After filtering candidates, fill_singles is called to fill empty cells that have only one remaining candidate. If this process leads to a completely filled Sudoku grid, it's returned as a solution. There's a clause to return None which is used to backtrack changes by the make_guess function. This function will fill the next empty cell with the least quantity of candidates with one of its candidates, a "guess" value. It then recursively calls solve to either find a solution or reach a no-solution grid (in which case solve returns None and the last guess changes are reverted).

from copy import deepcopy
import numpy as np
def create_grid(puzzle_str: str) -> np.ndarray:
 """Create a 9x9 Sudoku grid from a string of digits"""
 # Deleting whitespaces and newlines (\n)
 lines = puzzle_str.replace(' ','').replace('\n','')
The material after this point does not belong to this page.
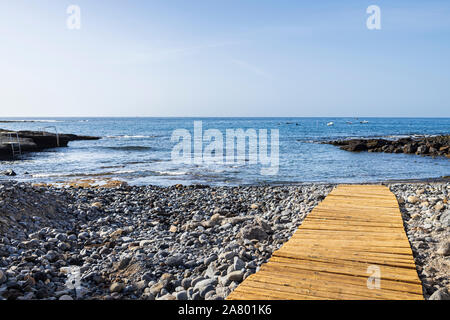 Wooden board walkway over stony beach at La Caleta, Costa Adeje, Tenerife, Canary Islands, Spain Stock Photo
 digits = list(map(int, lines))
 # Turning it to a 9x9 numpy array
 grid = np.array(digits).reshape(9,9)
 return grid
def get_subgrids(grid: np.ndarray) -> np.ndarray:
 """Divide the input grid into 9 3x3 sub-grids"""
 subgrids = []
 for box_i in range(3):
 for box_j in range(3):
 subgrid = []
 for i in range(3):
 for j in range(3):
 subgrid.append(grid[3*box_i + i][3*box_j + j])
 subgrids.append(subgrid)
 return np.array(subgrids)
def get_candidates(grid : np.ndarray) -> list:
 """Get a list of candidates to fill empty cells of the input grid"""
 def subgrid_index(i, j):
 return (i//3) * 3 + j // 3
 subgrids = get_subgrids(grid)
 grid_candidates = []
 for i in range(9):
 row_candidates = []
 for j in range(9):
 # Row, column and subgrid digits
 row = set(grid[i])
 col = set(grid[:, j])
 sub = set(subgrids[subgrid_index(i, j)])
 common = row | col | sub
 candidates = set(range(10)) - common
 # If the case is filled take its value as the only candidate
 if not grid[i][j]:
 row_candidates.append(list(candidates))
 else:
 row_candidates.append([grid[i][j]])
 grid_candidates.append(row_candidates)
 return grid_candidates
def is_valid_grid(grid : np.ndarray) -> bool:
 """Verify the input grid has a possible solution"""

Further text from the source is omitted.